(Short web captions)
*****

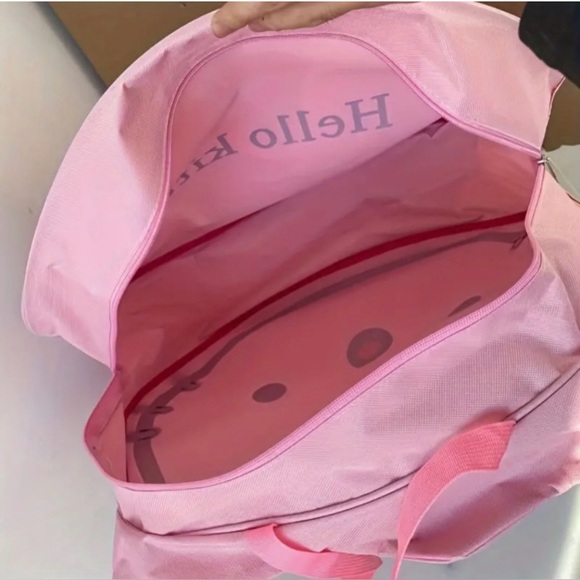 Sanrio Hello Kitty Large Capacity Tote Bag - Picture 2 of 4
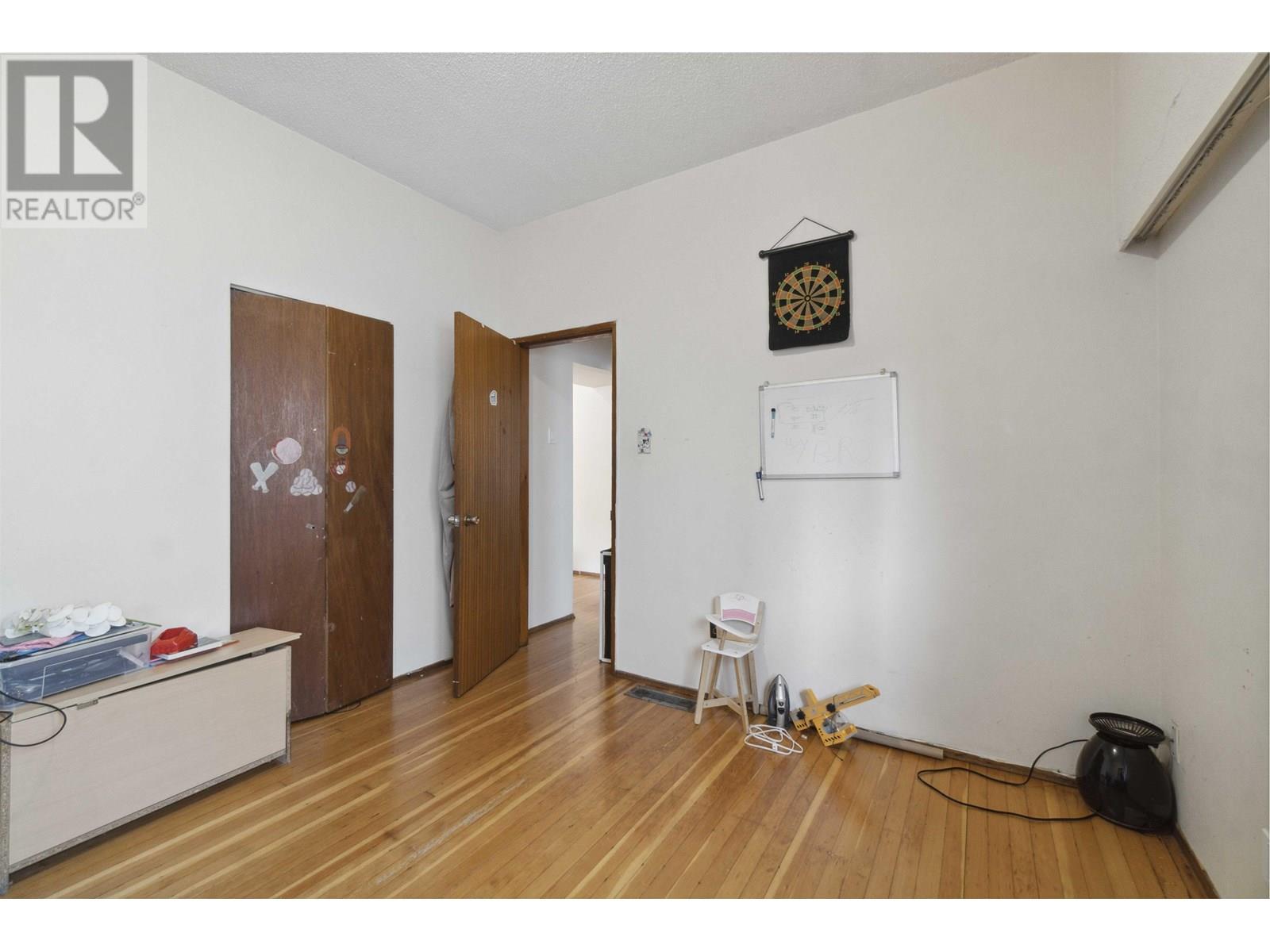 Photo 10 of 620 Slocan Street, Vancouver BC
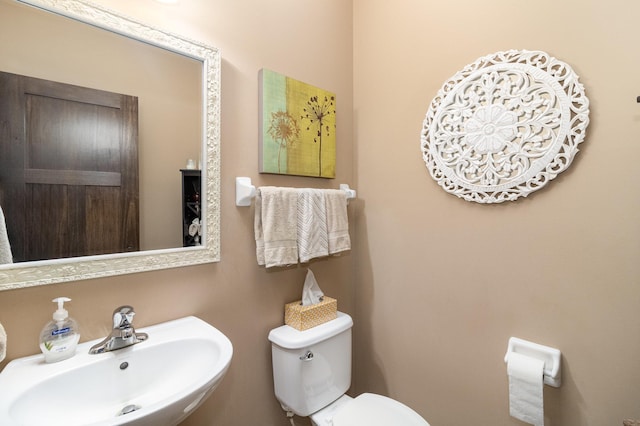 3410 Boulder Trl, Webster, MN 55088 - half bathroom with a sink and toilet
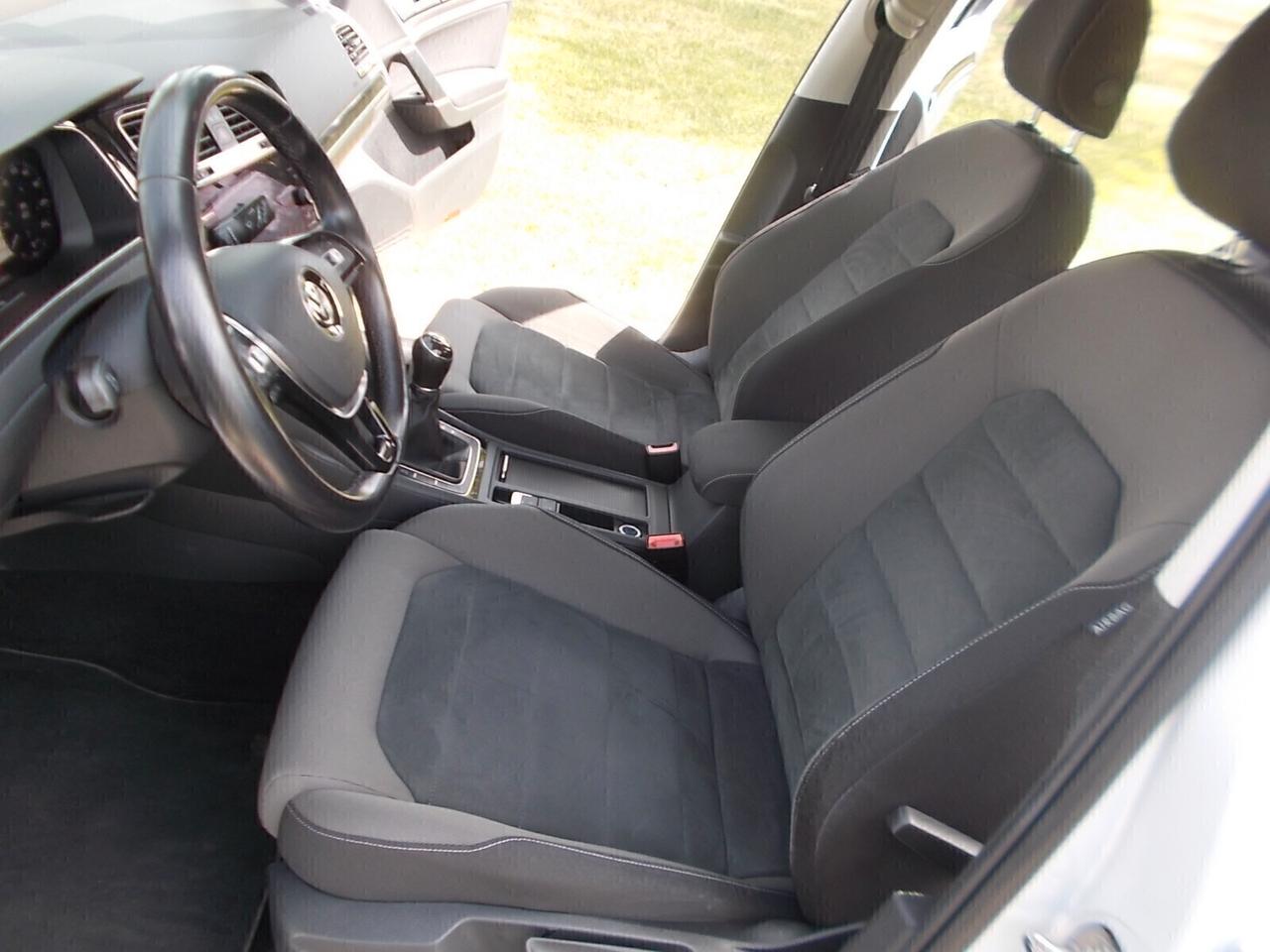 Volkswagen Golf 1.6 TDi VIRTUAL COCKPIT da VETRINA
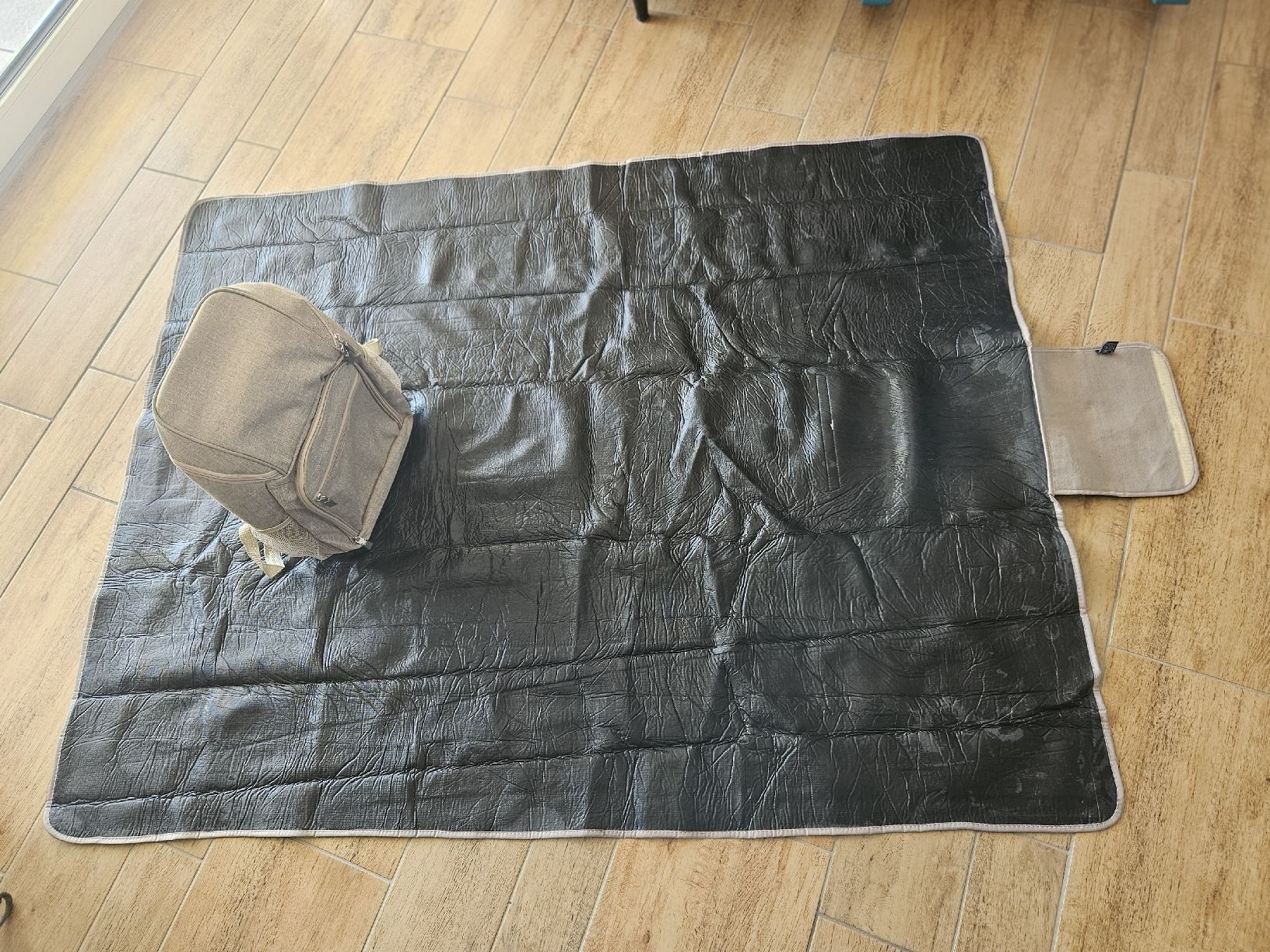 Rucksäcke: Picknick Kühlrucksack mit Iso-Decke beige – Gebraucht aus Seengen von Rockabilly91 5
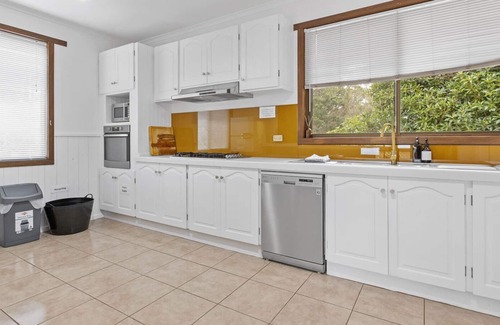 Metung House | This property promises a delightful getaway for the whole family.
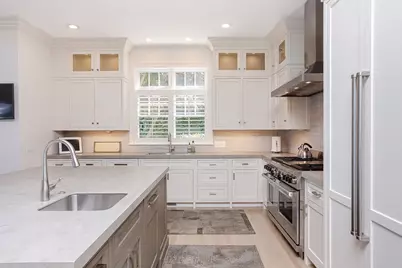 135 Cliff Drive, Narragansett, RI 02882 - Photo 23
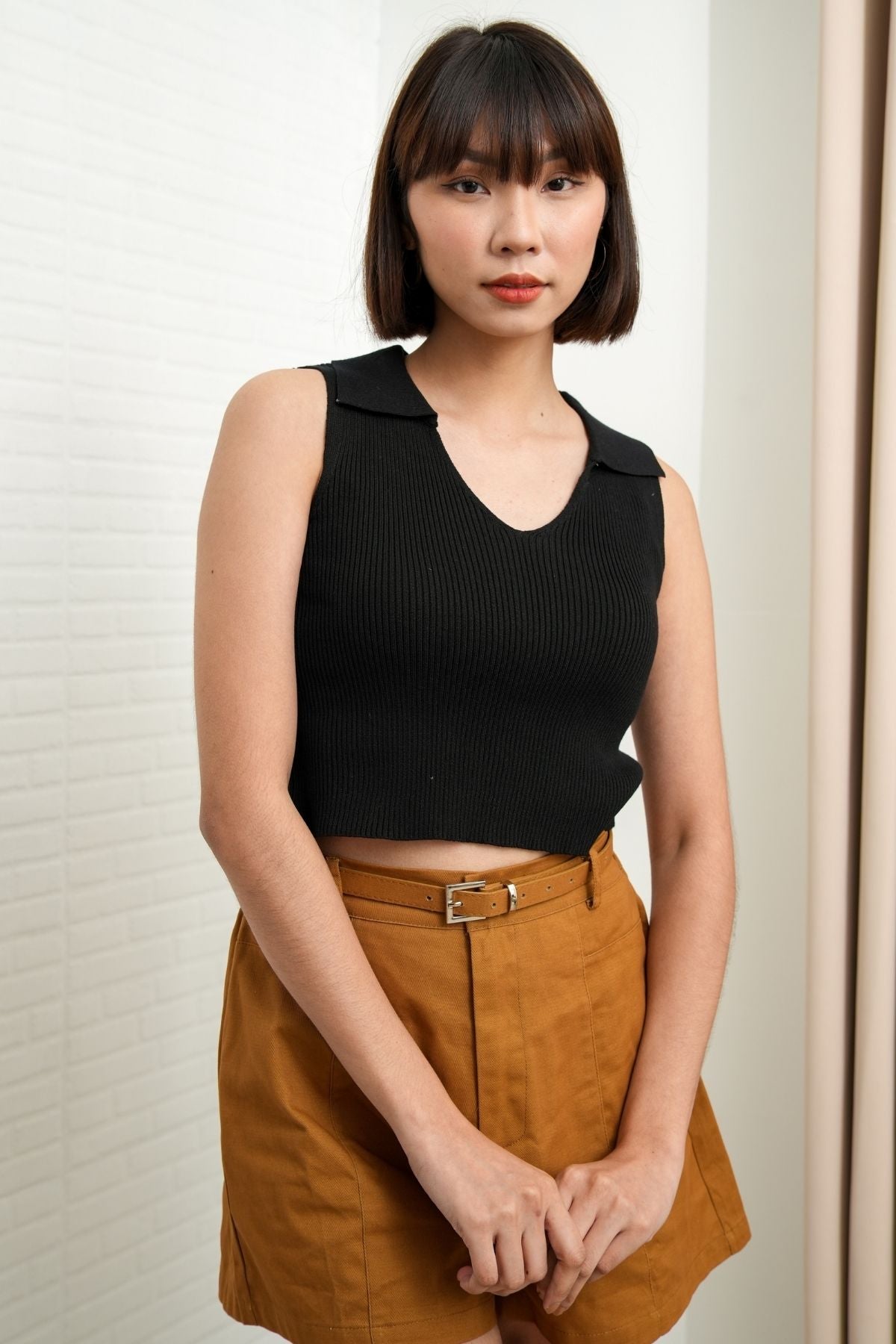 GIGI Sleeveless Collared Rib-Knit Top (Black)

*****

** Exercise goal **
Return the line containing "Metung House |" and every line after it through the end of the records above, exactly and nothing else, but not the pictures.

** Answer box **
 Metung House | This property promises a delightful getaway for the whole family.
 135 Cliff Drive, Narragansett, RI 02882 - Photo 23
 GIGI Sleeveless Collared Rib-Knit Top (Black)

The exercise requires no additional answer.